Source: Deep Learning on Medium

Machine learning gives us the ability to train a model, which can convert data rows into labels in such a way that **similar** data rows are mapped to **similar** or the same label.

For example, we are building SPAM filter for email messages. We have a lot of email messages, some of which are marked as SPAM and some as INBOX. We can build a model, which learns to identify the SPAM messages. The messages to be marked as SPAM will be in some way similar to those, which are already marked as SPAM.

The concept of **similarity** is vitally important for machine learning. In the real world, the concept of similarity is very specific to the subject matter and it depends on our **knowledge**.

Majority of mathematical models, on the other hand, assume that the concept of similarity is defined.
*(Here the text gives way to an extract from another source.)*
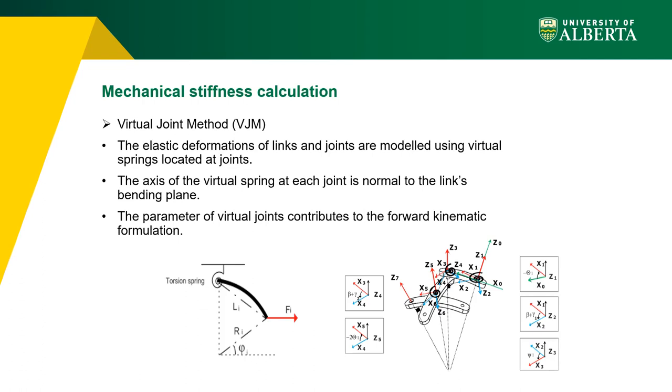In the virtual joint method, elastic deformation of links and joints are modeled using virtual springs located at joints. The axis of the virtual spring at each joint is normal to the link's bending plane. As seen in the left figure, the deflection of the curved beam is modeled with a spring at the base whose axis is normal to the bending plane. Parameters of virtual joints related to external forces also contribute to the forward kinematic formulation.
Typically, we represent our data as multidimensional vectors and measure the distance between vectors.

Feature engineering is the process of converting our knowledge about the real-world objects into numerical representations of such objects. The objects we consider similar are represented as nearby vectors.

For example, we are working on estimating house prices. Our experience tells us that the house is defined by the number of bedrooms, number of bathrooms, age, sq. footage, location, etc. Houses, which are located in the same neighborhood, of similar size and age, should cost about the same amount. We convert our knowledge of the housing market into numbers characterizing the house and use it to estimate the price of the house.

Unfortunately, manual feature engineering, as described above, has limitations in terms of our ability to convert our knowledge into descriptive features.

Sometimes out knowledge is limited to the principles of similarity, but not the exact characteristics, which make the objects similar. Often our knowledge about the real world is more complex than what can be represented in a simple tabular format. It’s typically a graph of interconnected concepts and relationships.

**Embedding models** allow us to take the raw data and automatically transform it into the features based on our knowledge of the principles.

### Word2Vec

Word2Vec is likely the most famous embedding model, which builds similarity vectors for words. In this case, our knowledge about the world is present in the form of a narrative, represented as texts, which are sequences of words.

Decades of hard work went into attempts to characterize words using manually defined features with limited success. These solutions typically could not scale to the full body of knowledge or work in limited cases.

It all changed when Tomas Mikolov and his team at Google decided to build a model, which works based on the well-known principles of similarity. The words used in similar context are typically similar. The context, in this case, is defined by the words located nearby.

What we see is that with these principles in mind, we can build a graph out of our text by simply connecting each word with its neighbors within a predefined window (typically 5 words).

Now we have a graph of real word objects (words) connected based on our knowledge into a graph.

#### Most simple/complex word representation

We still unable to build any model because words are not represented in form or vectors.

If all we need is to convert the words to numbers, there is a simple solution. Let’s take our dictionary and assign each word its position in the dictionary.

For example, if I have three words: cat, caterpillar, kitten.

My vector representation will be as follows: cat-[1], caterpillar-[2] and kitten-[3].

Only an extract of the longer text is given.